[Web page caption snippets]
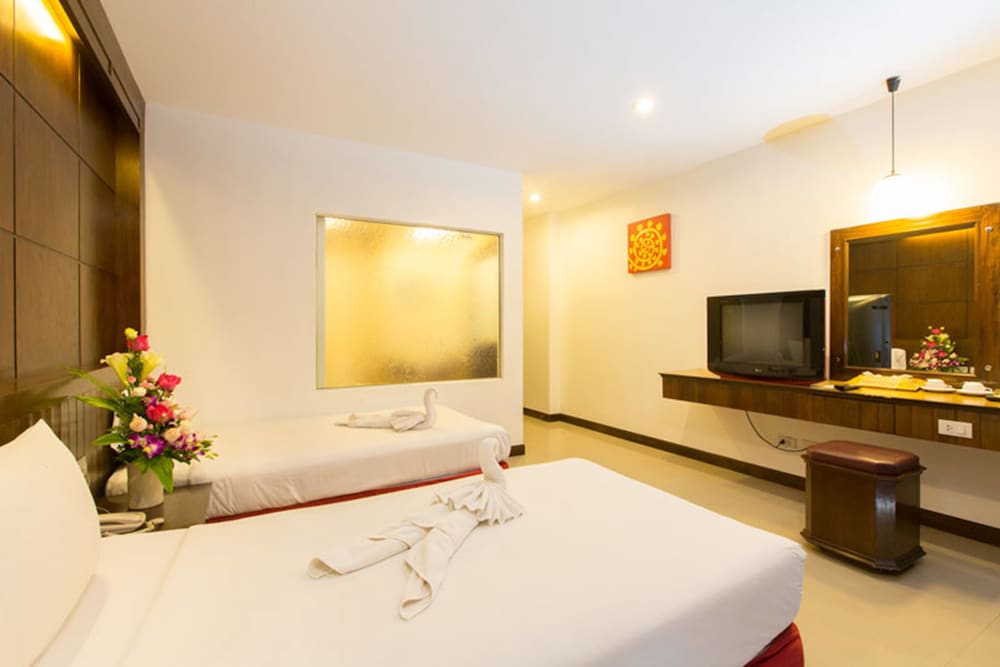 Thai Siam Residence 14/49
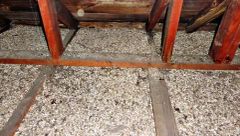 High Quality Vermiculite Granular Vermiculite Powder for Building Insulation Fireproof Materials - Image 4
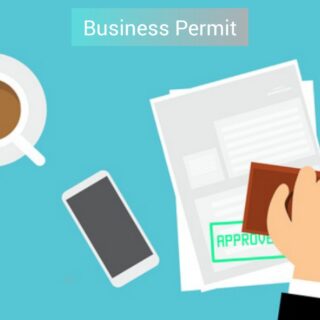Business Permit Application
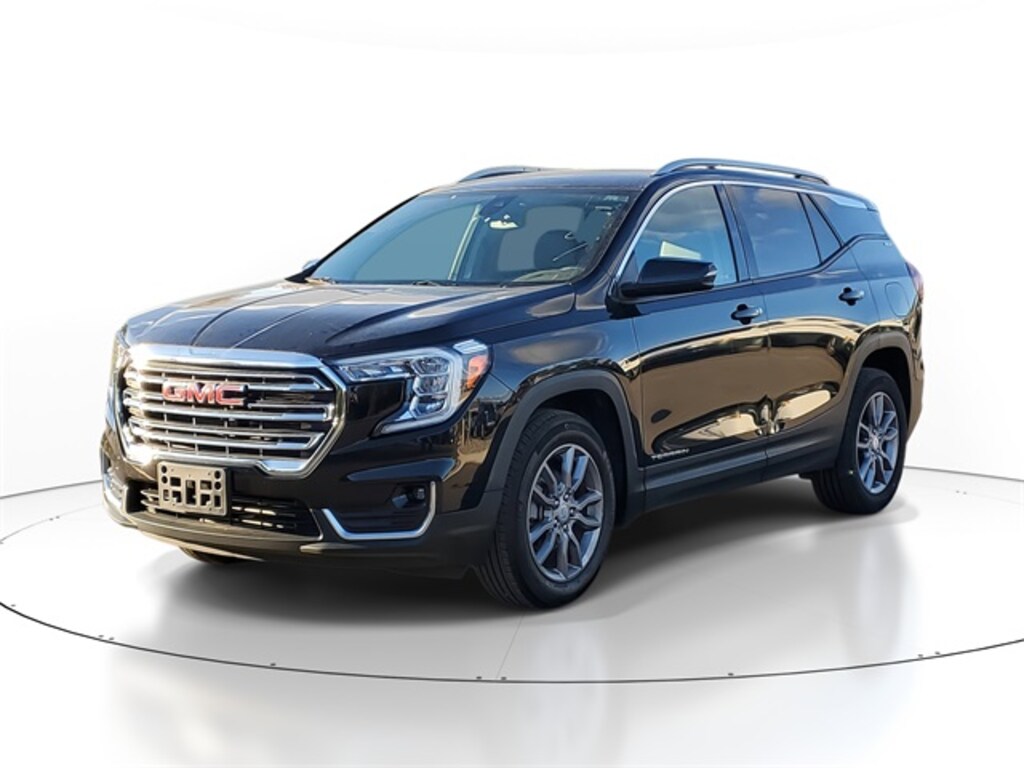 Used 2023 GMC Terrain SLT SUV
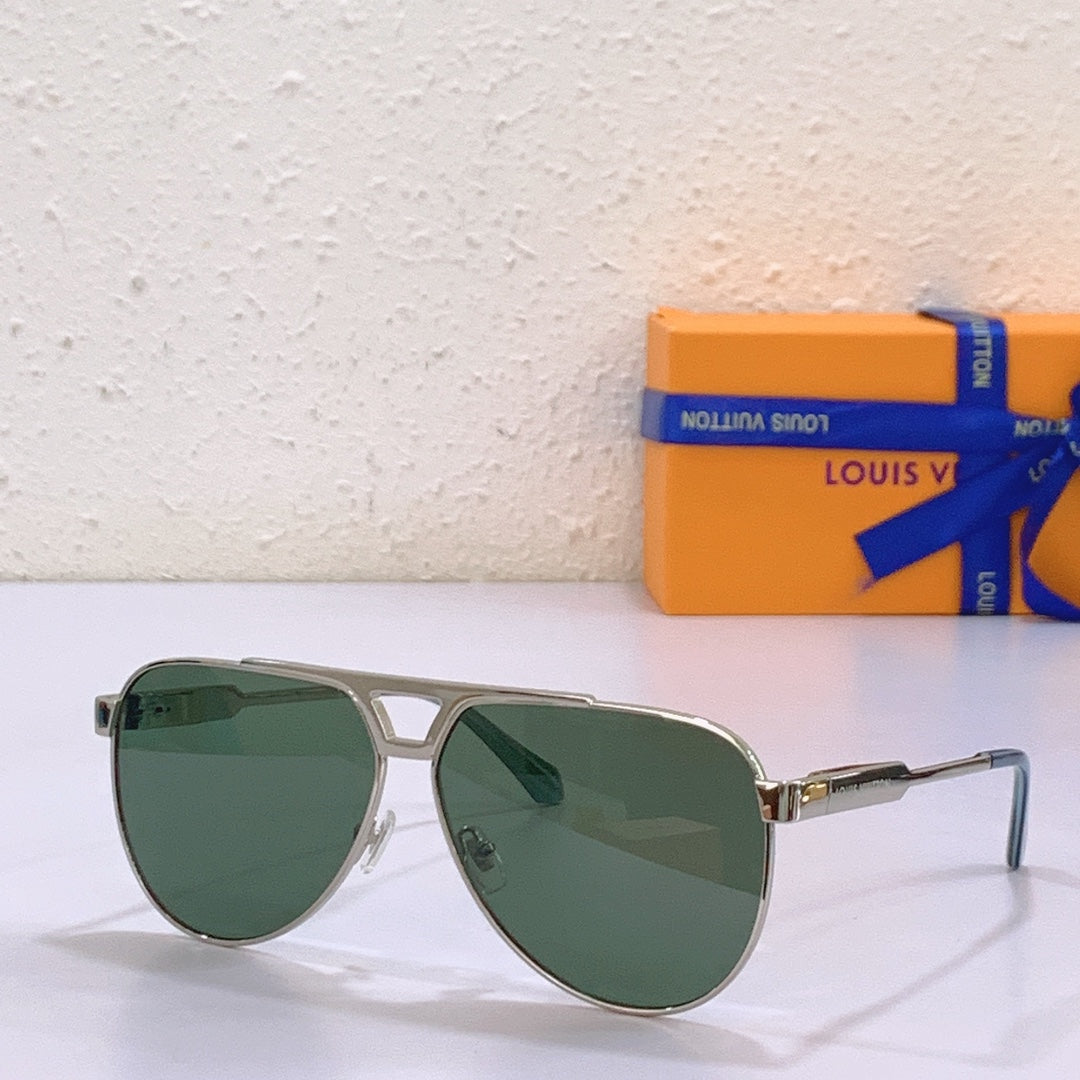 Best Replica Louis Vuitton Sunglasses - Colareps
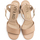Chaussures Femme Sandales et Nu-pieds Ryłko 8PF44_R1 _3NZ Beige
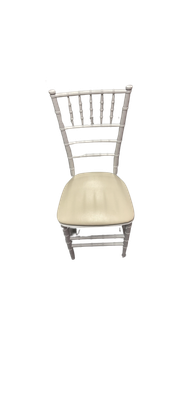Solid Chair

Your assignment
Every line between the one containing "Chaussures Femme Sandales" and the last line of the data above, both included, should be copied exactly, but not the pictures.

Answer for the task
Chaussures Femme Sandales et Nu-pieds Ryłko 8PF44_R1 _3NZ Beige
Solid Chair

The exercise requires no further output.